Raporda, halihazırda, 3,3 milyar kişinin bu yıl günlük 5,50 dolar olan yoksulluk sınırının altında yaşayacağı tahminine yer veriliyor; bu sayı dünya nüfusunun nerdeyse yarısına denk geliyor.
İnsanların çoğunun bir şekilde krizlerden etkilendiğine işaret edilen raporda, ancak en çok etkilenenlerin ise “en yoksullar” olduğu vurgulanıyor.
Gıda Fiyatlarında „Tüm Zamanların“ En Yüksek Seviyesi
Raporda, „gıda fiyatlarındaki ani artış, iklim kaynaklı felaketler ve çatışmaların, Doğu Afrika, Orta Doğu ve Batı Afrika’nın bazı bölgelerinde halihazırda var olan yıkıcı açlık krizlerini ciddi şekilde şiddetlendirdiği“ belirtiliyor. .
Raporun bir başka tesbiti, halkın hemen her gün bakkalda, markette gördüğü gerçeği özetliyor.
Rapora göre, „gıda fiyatları tüm zamanların en yüksek seviyesine” ulaşmış bulunuyor.
Ve işte bütün bunların karşısında da şu gerçek yer alıyor: „milyarderlerin servetinde ise ‘şimdiye kadarki en büyük artış’ görüldüb“!
Kapitalizmin Kanunu!
Emperyalist kapitalizm, zengini daha zengin, yoksulu daha yoksul yapan sistemdir.

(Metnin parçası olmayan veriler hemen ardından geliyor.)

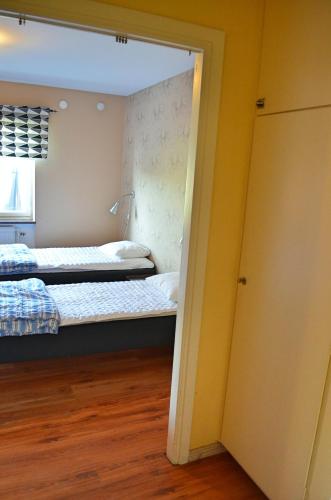 a bedroom with two beds and a door open at Lyckåhem Lågprishotell och Vandrarhem in Karlskrona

Faşizm altında bu süreçler daha hızlı işler.
Kapitalizmde, BİRİLERİNİN ZENGİNLEŞMESİ İÇİN BİRİLERİNİN YOKSULLAŞMASI GEREKİR. Başka türlü bir zenginlik mümkün değildir.
Rapordaki bütün rakamlar bunun kanıtı zaten.
Rapor diyor ki; „Büyük şirketler, karlarını artırmak için enflasyon ortamından tüketicilerin zararına yararlandı… petrol şirketleri karlarını rekor seviyelere çıkardı…“
Bu tabloyu değiştirecek tek şey var:
Emperyalist kapitalizmin yokedilmesi.
Bunun dışındaki „zenginlerden daha fazla vergi alınması“… „hükümetlerin borçlarının silinmesi“ gibi önlemler, azla çözüm değildir. Bugüne kadar olmamıştır. Bundan sonra da olmayacaktır.
Çünkü kapitalizmin kanunu işlemeye devam edecektir.